Medium-Term Strategies
5. Diversify Your Credit Mix
Having a mix of credit types (credit cards, lines of credit, installment loans) can positively impact your score.
6. Secure Credit Cards
If you have poor or no credit, a secured credit card helps build or rebuild your score. Use it responsibly by making small purchases and paying in full.
7. Become a Joint Account Holder
Joint accounts with someone who has good credit can help establish your credit history.
8. Request Credit Limit Increases
Without new spending, higher limits reduce your utilization ratio.
Long-Term Strategies
9. Establish a Long Credit History
The longer your credit history, the better. Avoid closing old cards even if you don't use them.
10. Automate Payments
Set up automatic minimum payments to never miss a due date. Then pay more when possible.
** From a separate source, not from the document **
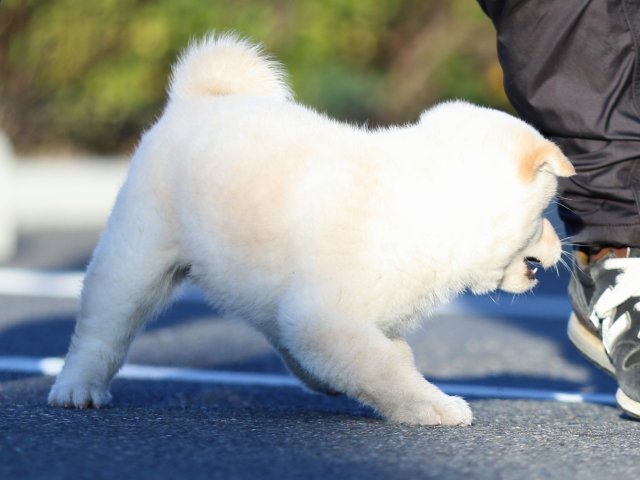 FP5A2277-puppy FP5A2277-puppy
11. Use Credit Responsibly Over Time
Consistent, responsible credit use demonstrates reliability to lenders.
Common Mistakes to Avoid
Don't Apply for Multiple Cards at Once
Each application generates a hard inquiry that stays on your report for two years.
Don't Carry High Balances
High utilization signals financial stress to lenders.
Don't Ignore Errors
Inaccuracies on your credit report can artificially lower your score.
Don't Close Cards After Paying Off
Keep them open to maintain available credit and history length.
Timeline for Improvement
Quick Wins (1-3 months)
- Correct report errors
- Pay down credit card balances
- Become an authorized user
Steady Progress (6-12 months)
- Establish consistent payment history
- Reduce utilization below 30%
- Avoid new credit applications
Long-Term Building (1-2 years)
- Develop substantial positive history
- Reach excellent credit range
- Maintain responsible habits
FAQ
How long does it take to improve a credit score?
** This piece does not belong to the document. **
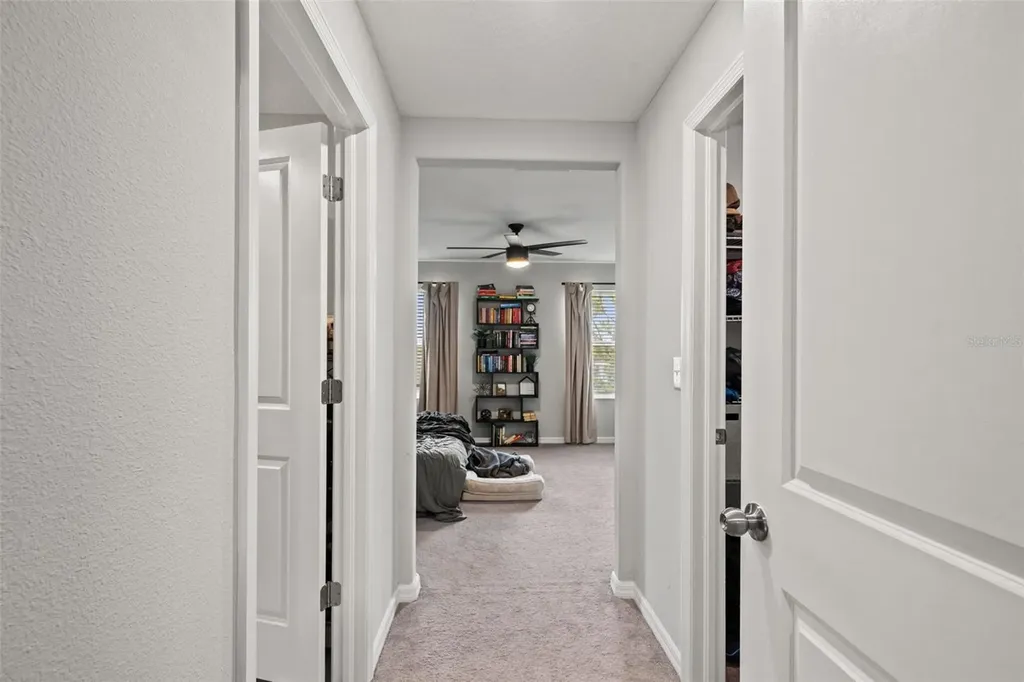 7627 French Marigold Avenue Tampa FL 33619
With consistent effort, you might see improvement within 3-6 months. Significant improvements typically take 12-24 months.
Does checking my credit score hurt it?
No, checking your own score is a soft inquiry and doesn't affect your credit.
Can I improve my score if I've had bankruptcies?
Yes, but it takes longer. Focus on establishing positive credit habits and the bankruptcy will have less impact over time.